As the war on climate change continues to heat up, some conservationists are perpetuating their opposition against the presence of dams and the seemingly negative effects these structures impose on natural wildlife and food sources. Those who are in favor of dams, however, are adamant that external factors serve as the likely causes of natural species shifts and value the important benefits offered by dams, including hydropower, river navigation, and irrigation. As part of a battle that has spanned the course of over 20 years, conservationists in the North West are now seeking to stay, or pause litigation, which would allow time for parties to develop adequate solutions to protect the local salmon.

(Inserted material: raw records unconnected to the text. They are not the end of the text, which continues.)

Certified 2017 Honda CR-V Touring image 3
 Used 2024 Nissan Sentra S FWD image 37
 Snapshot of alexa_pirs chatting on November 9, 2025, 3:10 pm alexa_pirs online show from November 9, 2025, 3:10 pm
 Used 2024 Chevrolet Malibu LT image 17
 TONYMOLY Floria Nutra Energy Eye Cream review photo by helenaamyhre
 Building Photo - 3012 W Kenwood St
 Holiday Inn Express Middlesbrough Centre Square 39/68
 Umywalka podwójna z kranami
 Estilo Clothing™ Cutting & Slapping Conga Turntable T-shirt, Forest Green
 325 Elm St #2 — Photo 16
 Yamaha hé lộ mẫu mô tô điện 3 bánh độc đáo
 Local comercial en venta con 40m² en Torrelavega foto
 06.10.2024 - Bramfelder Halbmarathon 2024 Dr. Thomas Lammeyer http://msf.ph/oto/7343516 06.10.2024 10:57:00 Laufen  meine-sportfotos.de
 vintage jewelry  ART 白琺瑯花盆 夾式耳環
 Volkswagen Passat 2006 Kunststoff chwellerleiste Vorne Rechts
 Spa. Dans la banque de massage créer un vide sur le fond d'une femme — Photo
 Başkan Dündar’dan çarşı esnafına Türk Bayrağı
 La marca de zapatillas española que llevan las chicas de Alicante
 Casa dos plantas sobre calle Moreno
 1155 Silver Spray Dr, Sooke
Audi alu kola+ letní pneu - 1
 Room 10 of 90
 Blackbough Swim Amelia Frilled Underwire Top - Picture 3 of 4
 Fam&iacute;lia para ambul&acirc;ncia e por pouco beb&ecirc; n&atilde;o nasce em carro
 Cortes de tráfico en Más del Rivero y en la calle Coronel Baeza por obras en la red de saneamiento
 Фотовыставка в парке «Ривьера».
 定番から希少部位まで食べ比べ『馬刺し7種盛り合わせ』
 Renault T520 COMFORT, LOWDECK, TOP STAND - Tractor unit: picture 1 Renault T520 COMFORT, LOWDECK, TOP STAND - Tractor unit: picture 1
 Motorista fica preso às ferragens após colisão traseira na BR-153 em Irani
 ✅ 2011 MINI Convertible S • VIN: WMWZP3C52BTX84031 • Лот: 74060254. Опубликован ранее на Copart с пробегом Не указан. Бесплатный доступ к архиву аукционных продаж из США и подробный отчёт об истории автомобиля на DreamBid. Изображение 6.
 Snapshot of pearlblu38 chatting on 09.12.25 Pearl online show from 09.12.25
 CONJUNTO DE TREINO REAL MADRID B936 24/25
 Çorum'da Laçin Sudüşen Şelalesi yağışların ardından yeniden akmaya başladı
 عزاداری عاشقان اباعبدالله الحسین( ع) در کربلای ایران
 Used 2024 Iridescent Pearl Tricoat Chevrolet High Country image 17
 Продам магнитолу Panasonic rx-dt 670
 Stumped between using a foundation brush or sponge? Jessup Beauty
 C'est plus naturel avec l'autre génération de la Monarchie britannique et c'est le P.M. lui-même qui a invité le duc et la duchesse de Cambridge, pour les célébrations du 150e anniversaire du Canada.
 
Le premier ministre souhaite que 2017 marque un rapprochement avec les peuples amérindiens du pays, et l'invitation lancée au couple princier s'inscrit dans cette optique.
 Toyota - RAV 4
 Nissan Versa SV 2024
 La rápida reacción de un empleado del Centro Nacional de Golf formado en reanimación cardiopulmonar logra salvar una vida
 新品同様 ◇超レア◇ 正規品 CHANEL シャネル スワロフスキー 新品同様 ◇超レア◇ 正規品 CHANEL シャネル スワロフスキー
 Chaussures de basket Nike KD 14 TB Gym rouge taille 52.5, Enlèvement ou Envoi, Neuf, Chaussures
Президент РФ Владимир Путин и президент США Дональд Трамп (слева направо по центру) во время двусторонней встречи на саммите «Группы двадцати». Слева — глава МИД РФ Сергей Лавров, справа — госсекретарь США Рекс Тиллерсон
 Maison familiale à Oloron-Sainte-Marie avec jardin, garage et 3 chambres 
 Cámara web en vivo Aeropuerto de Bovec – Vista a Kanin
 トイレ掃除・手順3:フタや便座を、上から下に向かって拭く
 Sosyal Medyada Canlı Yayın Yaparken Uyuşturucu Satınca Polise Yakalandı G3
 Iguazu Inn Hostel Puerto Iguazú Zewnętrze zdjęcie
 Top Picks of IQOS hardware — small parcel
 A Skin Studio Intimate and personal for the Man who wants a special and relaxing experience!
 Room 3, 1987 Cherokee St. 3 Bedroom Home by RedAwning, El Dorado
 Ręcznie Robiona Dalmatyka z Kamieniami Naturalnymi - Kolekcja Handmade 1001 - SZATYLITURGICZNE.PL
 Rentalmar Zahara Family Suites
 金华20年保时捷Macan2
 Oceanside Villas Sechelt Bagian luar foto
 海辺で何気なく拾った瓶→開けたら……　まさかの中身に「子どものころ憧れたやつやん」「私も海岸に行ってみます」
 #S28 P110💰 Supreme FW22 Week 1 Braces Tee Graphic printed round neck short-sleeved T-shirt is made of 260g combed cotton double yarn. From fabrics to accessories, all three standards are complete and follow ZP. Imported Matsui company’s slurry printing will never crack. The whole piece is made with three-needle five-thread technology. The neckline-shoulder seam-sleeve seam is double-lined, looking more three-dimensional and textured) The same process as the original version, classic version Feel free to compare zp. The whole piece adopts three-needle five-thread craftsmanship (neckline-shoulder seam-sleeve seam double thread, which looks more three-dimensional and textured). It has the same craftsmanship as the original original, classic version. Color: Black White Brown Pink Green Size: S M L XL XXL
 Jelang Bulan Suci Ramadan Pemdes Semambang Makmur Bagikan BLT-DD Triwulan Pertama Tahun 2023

The Columbia River Basin is the location of the four dams under scrutiny, including Ice Harbor, Little Goose, Lower Monumental, and Lower Granite, which run along Washington state’s Snake River. According to conservation groups, these dams are allegedly impeding on salmon runs and impacting the potential likelihood of extinction. Arguably, the dam turbines restrict safe passage for the salmon to travel through rivers. In order to reach the Pacific Ocean to mature and grow, young salmon migrate through these river paths and are pushed to their destination by high volumes of water. According to the opposing argument, which includes those who frequently use the river, breaching the dam is an inadequate solution for protecting salmon, as other attributing factors may be the cause, such as changing ocean tides.
The federal lawsuit was filed against Bonneville Power Administration, U.S. Army Corps of Engineers, U.S. Fish and Wildlife Service, Bureau of Reclamation, and the National Marine Fisheries Service. Various fishing and wildlife conservation groups, as well as the Nez Perce Tribe and the state of Oregon, are in favor of issuing a significant increase in water flow through the dams, which is a plan that the defendants strictly dispute. To allow the opportunity for the impacted parties to reach a reasonable resolution for salmon protection, the conservationists are requesting the court to allow a stay in litigation until July 2022.